Transcription, pictures excluded: write out the data below exactly.

=== GIVEN MATERIAL ===

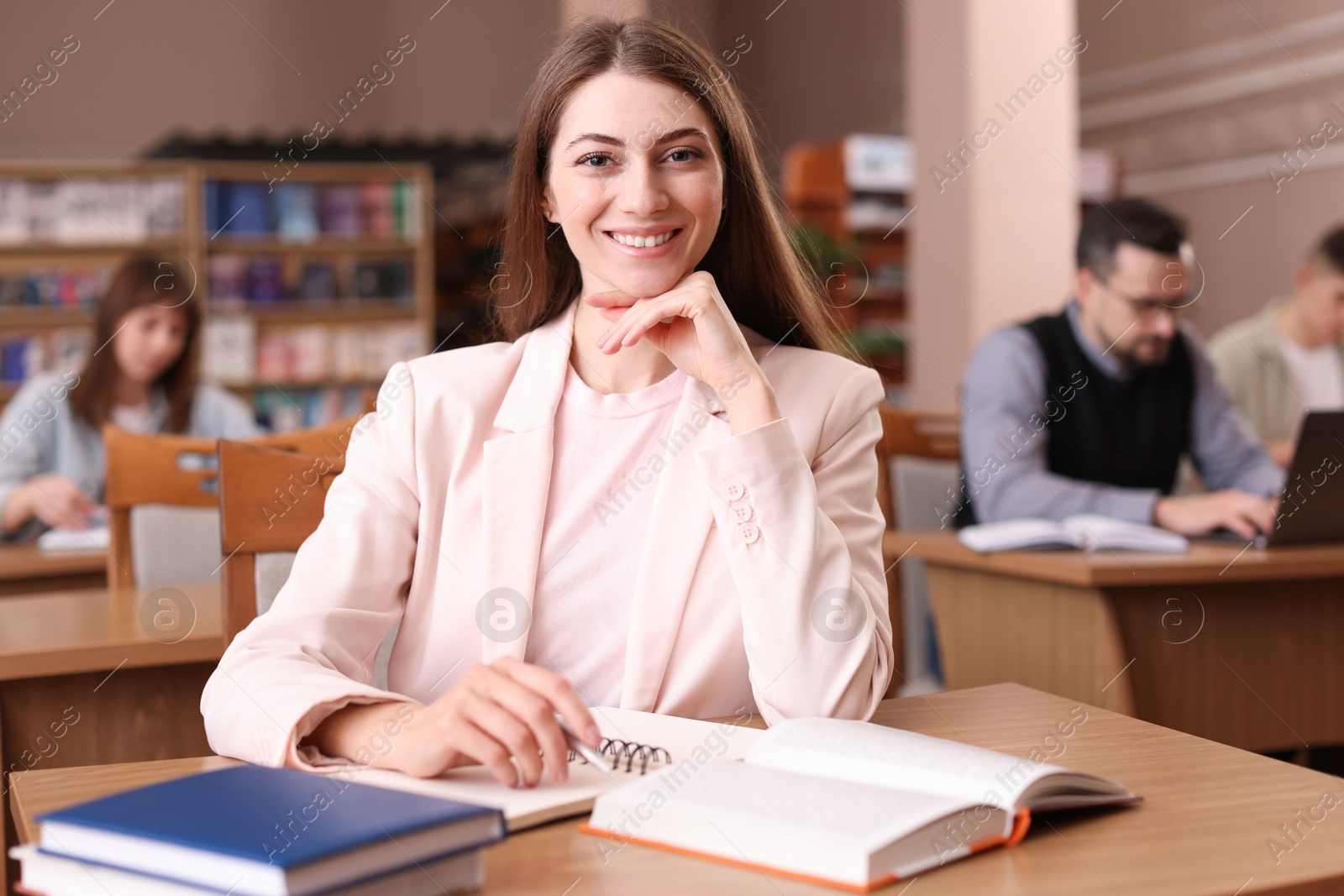 Photo of Portrait of smiling woman in public library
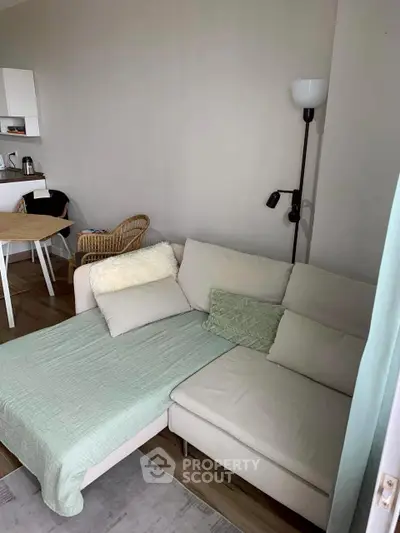 Cozy living room with modern sectional sofa and dining area in open layout apartment.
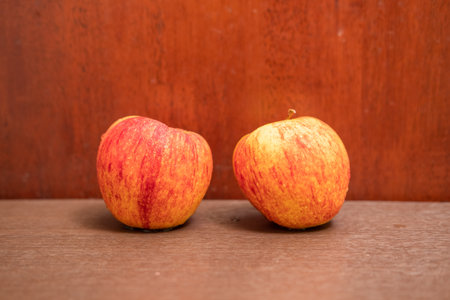 Orange-red apples on a wood grain backgroundの写真素材
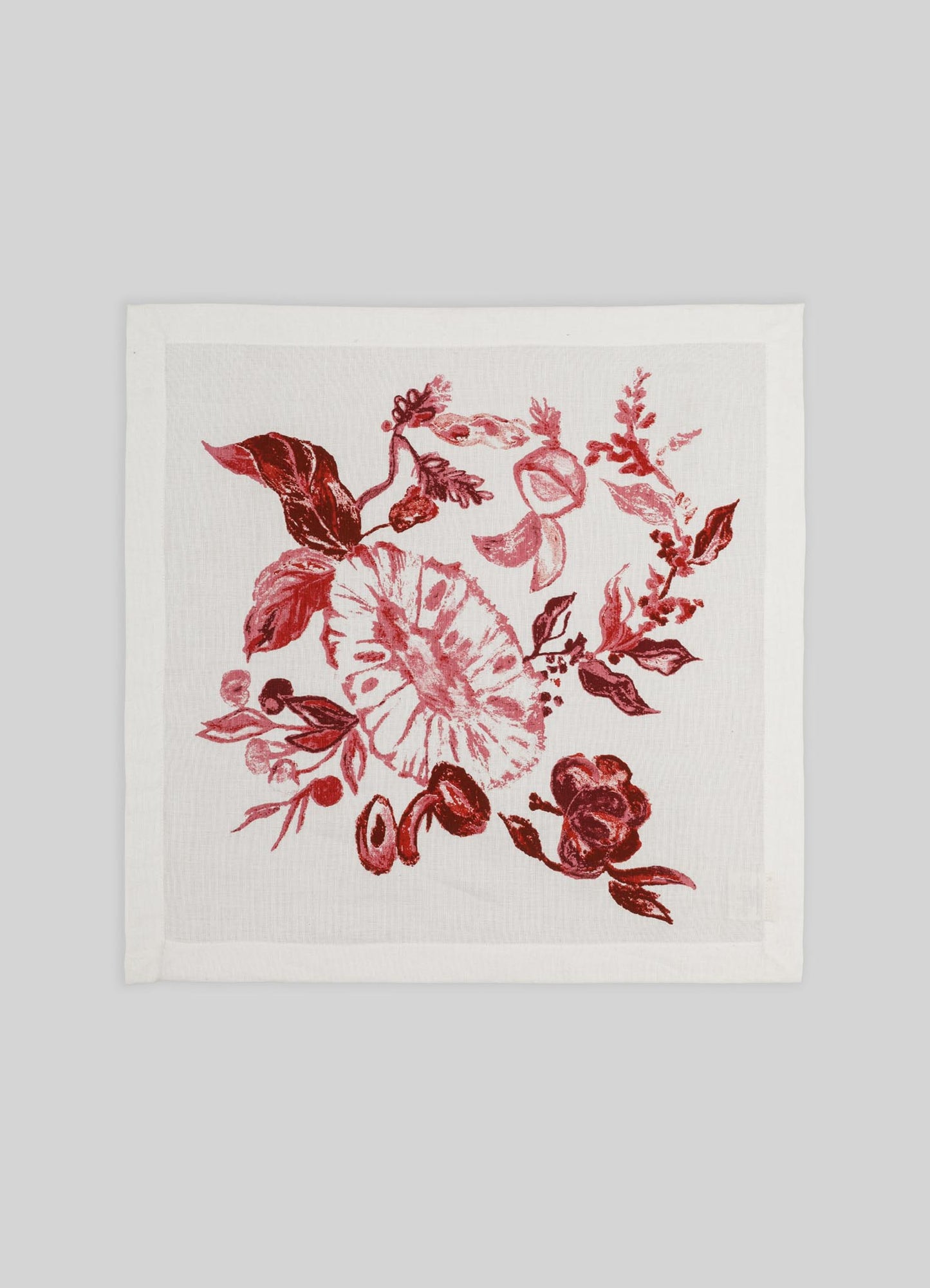 A white fabric napkin with a red floral print featuring leaves, roses, and other botanical motifs. The design has a hand-drawn, painterly style suitable for elegant table settings.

===

ANSWER TO THIS EXERCISE:
 Photo of Portrait of smiling woman in public library
 Cozy living room with modern sectional sofa and dining area in open layout apartment.
 Orange-red apples on a wood grain backgroundの写真素材
 A white fabric napkin with a red floral print featuring leaves, roses, and other botanical motifs. The design has a hand-drawn, painterly style suitable for elegant table settings.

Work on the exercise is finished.